But as every action provokes an equal and opposite reaction, the Christie school of ingenious murder and elegant detection produced a reaction in the form of the tough guy detective, who kicked the body out of the library and into gritty urban alleys. The so-called cozy, whether in short or long form, has never quite recovered its dominance, on the grounds that it is too “feminine” and not “realistic.”
However, a closer look at what might be called the macho school of mystery and thriller writing reveals that Christie’s ingenuity has maintained a subterranean life in the intricate plots, hidden messages, and esoteric information beloved by any number of best sellers. Herbal poison may have given way to computer hacking, but the wild plots are no less unrealistic even with high caliber weapons and high testosterone protagonists.
As for the gritty urban detective, I fear that he is barely more realistic than Peter Wimsey or Hercule Poirot. With his high alcohol consumption and horrible diet, he would be more likely to keel over with a heart attack than run down bad guys half his age. Even Mankell’s Kurt Wallander, currently afflicted with very plausible diabetes, has not cut back on the derring-do.
But that’s exactly why we like mystery stories. We like to think that nice suburban women can outwit serial killers and that overweight guys of a certain age can save the world. Fiction is how we shape things nearer to our heart’s delight, and in mystery fiction that means bringing most criminals to justice most of the time. It also means, and this is why the mystery is in many ways a hopeful and a democratic genre, that the intelligence and common sense of quite ordinary people can set things right again after evil happens. Nothing wrong with that!
But the Conventions of the Genre will always be to some extent at odds with reality, and the writer has to find a good balance point. This is especially true in genre fiction of every kind. In short mystery stories, surprising twists, always a delight to the reader, almost always reduce plausibility. And as plots become more intricate, psychological realism often takes its leave.
Writers work around this in various ways. Research into background details is one ploy. The hope is that someone who knows so much about French military pistols or types of Japanese pottery will be trusted when plots begin to take leave of the here and now.

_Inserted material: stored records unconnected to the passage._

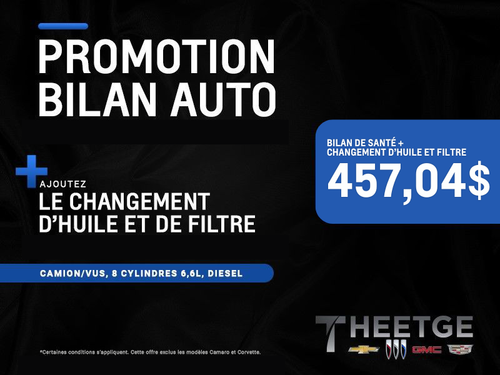 Promotions au service pour camions 8 cylindres, 6,6L, diesel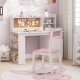 Kids desk and chair set in pink with hutch, cork board, and side shelf, perfect for study and play in children's rooms.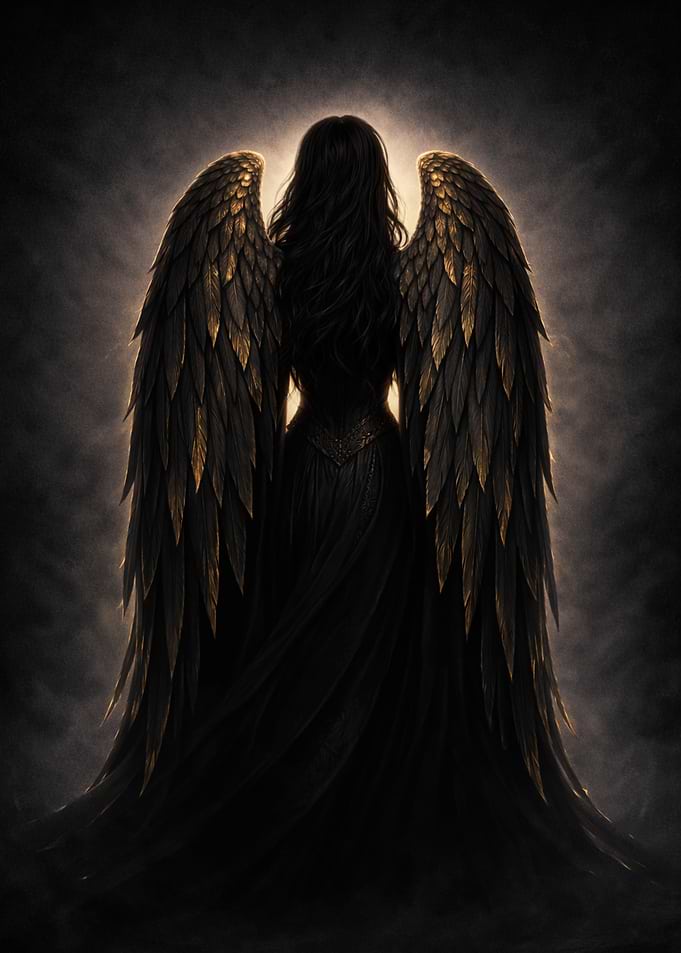 Dark Angel with Golden Wings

Local color is also helpful, whether the setting is the last word in luxury and elegance or down among seedy warehouses and moldering tenements. If you can get the reader to smell the sea air or the mildewed staircase, you’re more than half way home, because we read fiction to be elsewhere. We want to leave the here and now for some place different, even if that some place is unpleasant. Wherever we wind up, the realism of the details lets us know that we have traveled, but the Conventions of the Genre assure that we will enjoy the trip.
I feel that any details you can add that makes the reader feel like they’re there as it happens makes the best reads. By the way, Janice, is that the Queen Mother in that car?

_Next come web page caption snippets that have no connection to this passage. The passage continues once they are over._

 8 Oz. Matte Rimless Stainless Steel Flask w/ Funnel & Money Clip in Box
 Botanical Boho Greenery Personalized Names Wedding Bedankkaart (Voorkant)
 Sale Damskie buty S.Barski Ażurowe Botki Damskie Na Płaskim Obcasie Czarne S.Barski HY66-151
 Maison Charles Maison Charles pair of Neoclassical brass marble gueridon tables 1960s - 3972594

Hello Cindy – it is the current monarch, Queen Elizabeth II
The photo is supposedly “an artist’s rendering” of one Emma Seman, a 71-year-old Pennsylvania grandmother who was shot dead by police in September 2009 while stalking her boyfriend with a gun.
This is a brilliant piece of analysis. The fact is that the detective story, whether written by Agatha Christie or Mickey Spillane, is a branch of fantasy with just enough realistic detail to make it believable. Those things we treasure in mysteries–the multi-suspect whodunit, the brilliant detective work by private eyes and amateurs, and yes, even the extended and cinematically choreographed fights and pursuits–simply don’t exist in messy real life.

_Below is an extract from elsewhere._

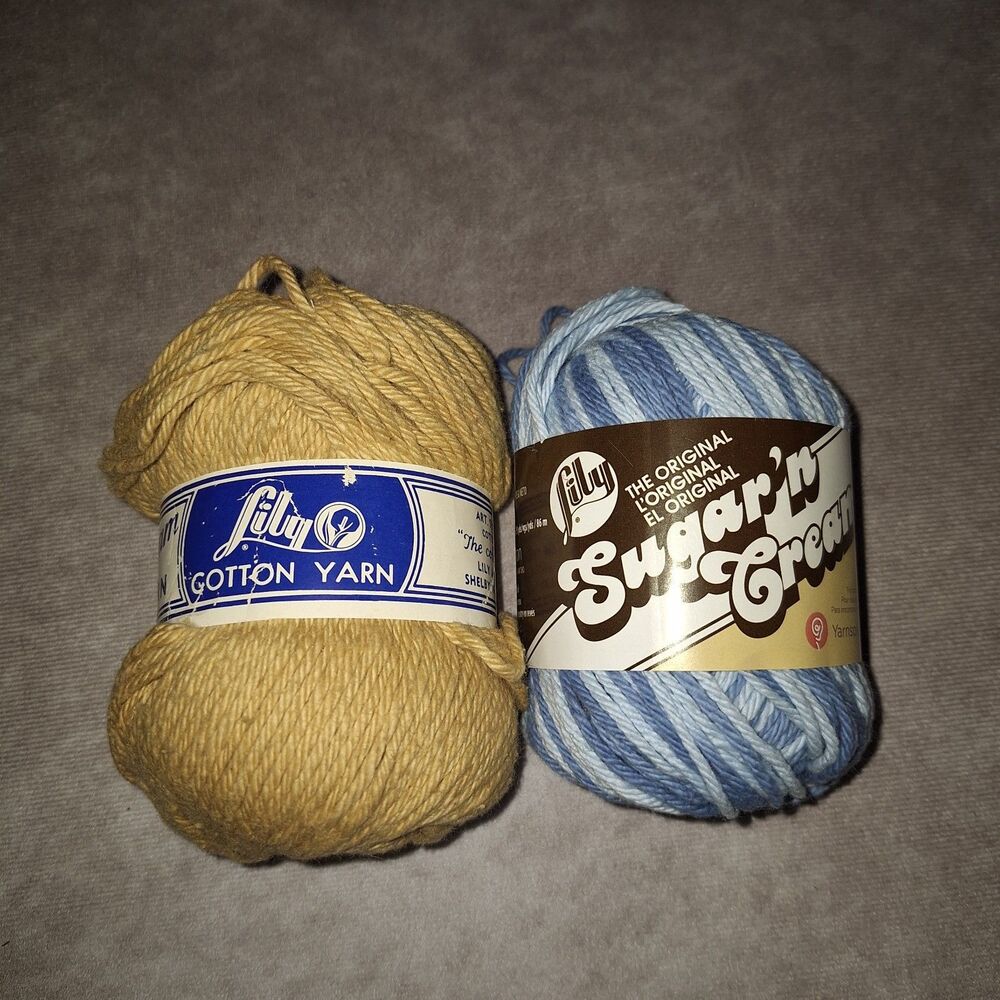 Lot Of 2 Lily's, Vtg &Sugar & Cream Solid And Multi Color Worsted, Cotton Yarn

It sure as hell looks like QE2 to me. I loved the bit abou6t Conventions of the Genre, which somehow made me think of the Geneva Conventions, except these govern the humane treatment of readers.
The brilliant and clever criminal is likewise a creature of fantasy as well. The dumb kid who breaks into the store after closing and deliberately mugs for the security camera is more true to life. The writer who puts all of this forth in an entertaining way (like this column) is, fortunately, real!
I have always maintained that writing genre fiction is a balancing act between convention and invention, but you’re right: there is a third leg to the tripod that supports the story, and that’s verisimilitude.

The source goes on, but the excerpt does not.